Sainsbury’s Classic Selection Chablis, Domaine Ste Céline 2003
(Sainsbury £7.99)
Chablis this week. These are white Burgundies from the northern extremes of this region, made from the Chardonnay grape (although you won’t see this on the label). This first example, from well regarded producer JM Brocard, is quite classic: crisp, lemony, herby fruit with a nutty richness, offering a lot of flavour for the money – decent Chablis doesn’t come cheap. A food wine.

JM Brocard Chablis Premier Cru Selection 2002 (£10.99 Sainsbury)
Moving up a gear, this refined Chablis offers a refined, aromatic, slightly herby nose. The palate is dense, savoury and nutty with nice fresh acid. A rich style, but still offering that clean, crisp Chablis signature.

Domaine Laroche Chablis Premier Cru Vaillons Vieilles Vignes 2002 (£17.99 Sainsbury)
This is a rather different style than the other two. It’s less rich, although still full flavoured, and offers more of the taut, savoury, minerally characters that are often associated with top notch Chablis. Sophisticated stuff, and p rob ably just about worth the high price.
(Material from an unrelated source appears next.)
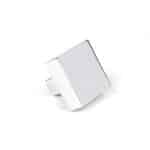 Polished Chrome Albers Cabinet Knob - 35mm 2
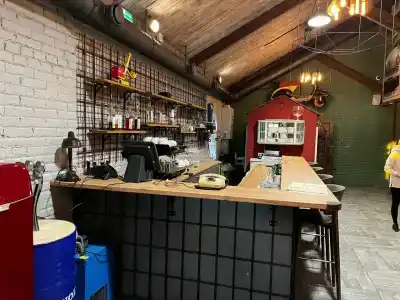 Лофт-отель Островский - 40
Vergelegen Reserve Sauvignon Blanc 2003 Helderberg, South Africa
Sauvignon Blanc is a white grape that, over the last five years, has emerged as a bit of a star in the Cape. This first wine is expensive, but worth it. It has a bright, complex, taut nose with some classy, seamless fruit and even a bit of minerality on the palate. (£11.99 Sainsbury, Majestic, Oddbins)
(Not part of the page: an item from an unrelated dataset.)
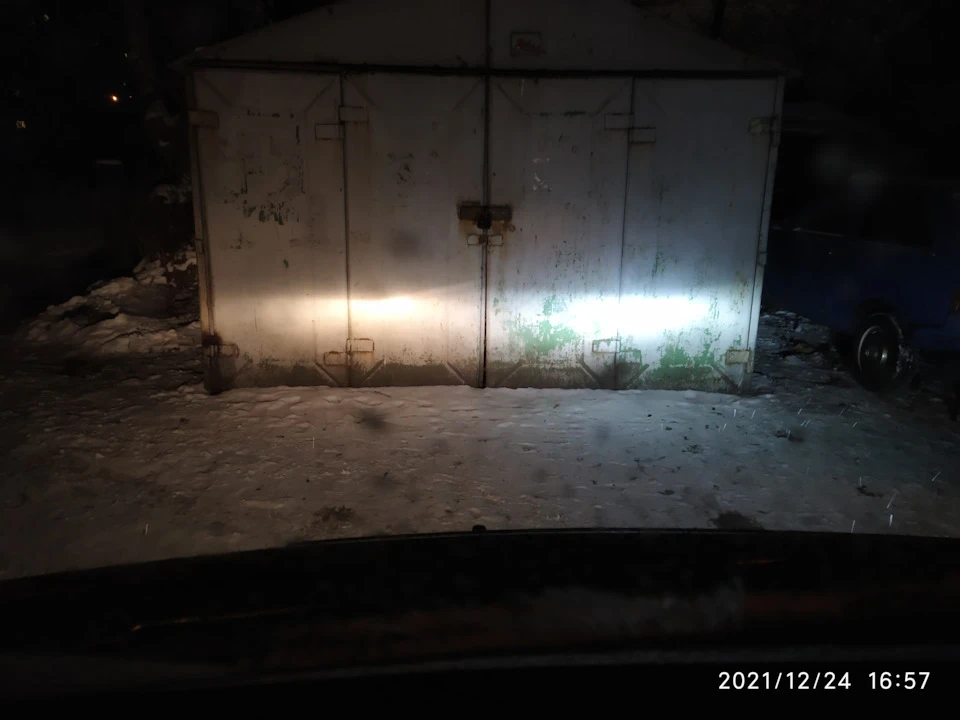 LED лампи у фари. Як воно буде?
Poliziano Rossi di Montepulciano 2004 Italy
£8.99 Sainsbury
What a fantastic, classy red wine. There’s a lovely focused, savoury intensity to the pure, smooth red fruits. It’s modern, but not overly so: a very stylish wine that shows some restraint, but which offers a lot of pleasure.  
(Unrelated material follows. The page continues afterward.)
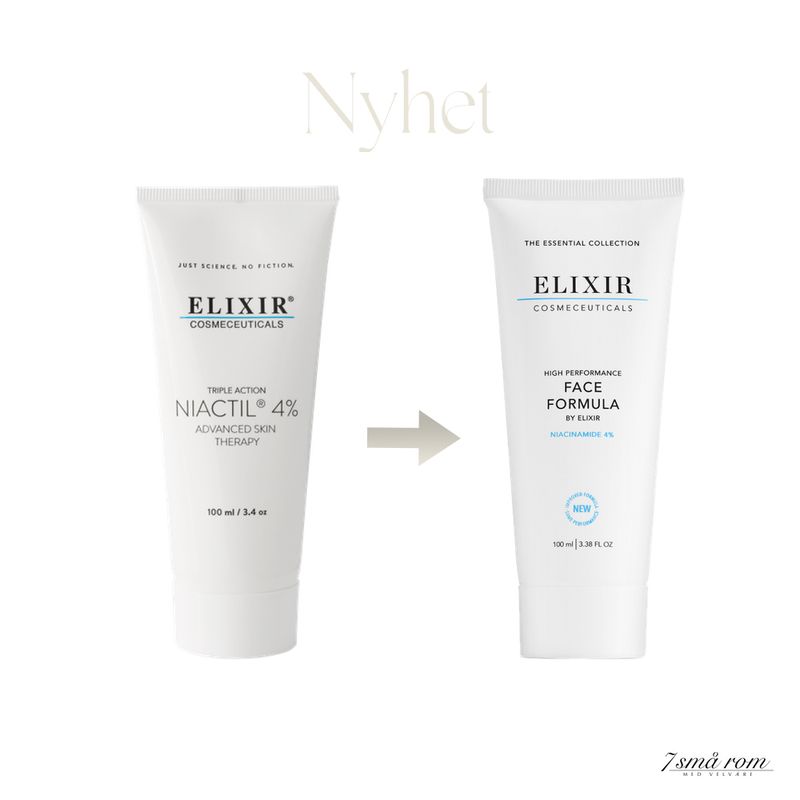 Elixir Face Formula 4% Niacinamide 30ml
Bernard Germain Anjou Chenin Blanc 2002 Loire, France
Normally you’d expect an Anjou Blanc to be quite a light, zippy sort of wine, but this is Anjou Blanc on steroids. It’s a beast of a wine, but I like it a lot. It’s a distinctive, savoury, dry white with a nose of herbs, cheese and straw, together with some hints of vanilla from the barrels it was fermented in.  The palate is nutty and herby with lots of savoury flavour. (Sainsbury £5.99) 

Sticky Toffee Pudding Wine, Barbadillo, Spain
Clever to market this Pedro Ximenez with a friendly name and in a 50 cl bottle. Sweet, open grapey nose has some herb and caramel depth. Lovely viscous toffee and raisin palate is fantastically sweet. Lovely. (£6.49 Sainsbury)

Agramont Garnacha Rosado 2004 Navarro, Spain
£3.99 Sainsbury
Rosé used to be naff; a wine for people who couldn’t make up their minds. Now it’s hip and everyone is drinking it, and this is a very good one for not much money. It has a focused, bright nose with a savoury spiciness to the bright fruit. Drink very cold and in quantity.

Sainsbury’s Classic Selection Muscadet sur Lie 2004 Loire, France
£4.99 Sainsbury
Muascadet used to be cheap, tart, thin and neutral. This isn’t. It’s a deliciously fresh white wine with a delicately herby edge and notes of lemon. Finishes crisp. A great summer wine.

Alain Graillot Crozes Hermitage 2001 Northern Rhône, France
Syrah is the grape of the Northern Rhône, and this is a seductive fruit-forward example of the grape at its best. This flavour-packed red is intense with vivid raspberry fruit and a slightly meaty, olive-like edge. A modern wine that still retains a sense of typicity. 
(£10.99 at

Fetzer Valley Oaks Syrah Rosé 2004 California
Perfect for summer. It’s a very deep colour for a rosé: almost a light red wine. Very full, weighty nose with lots of bright cherry fruit. The palate is fresh, fruity and rather appealing. A big, fruity rosé. (£5.99 Oddbins, Thresher, Unwins, Asda, Sainsbury, Somerfield, Tesco, Waitrose)     

older picks

Domaine Léonce Cuisset 2001 Saussignac, France
A sweet white that’s a blend of 80% Semillon and 20% Chenin Blanc. Lovely grapey, peachy nose with some subtle herby notes. Rich, sweet, thick-textured palate with lovely balance to the delicious ripe, herb-tinged fruit. Quite delicious and brilliant value. (£6.99 for 50 cl)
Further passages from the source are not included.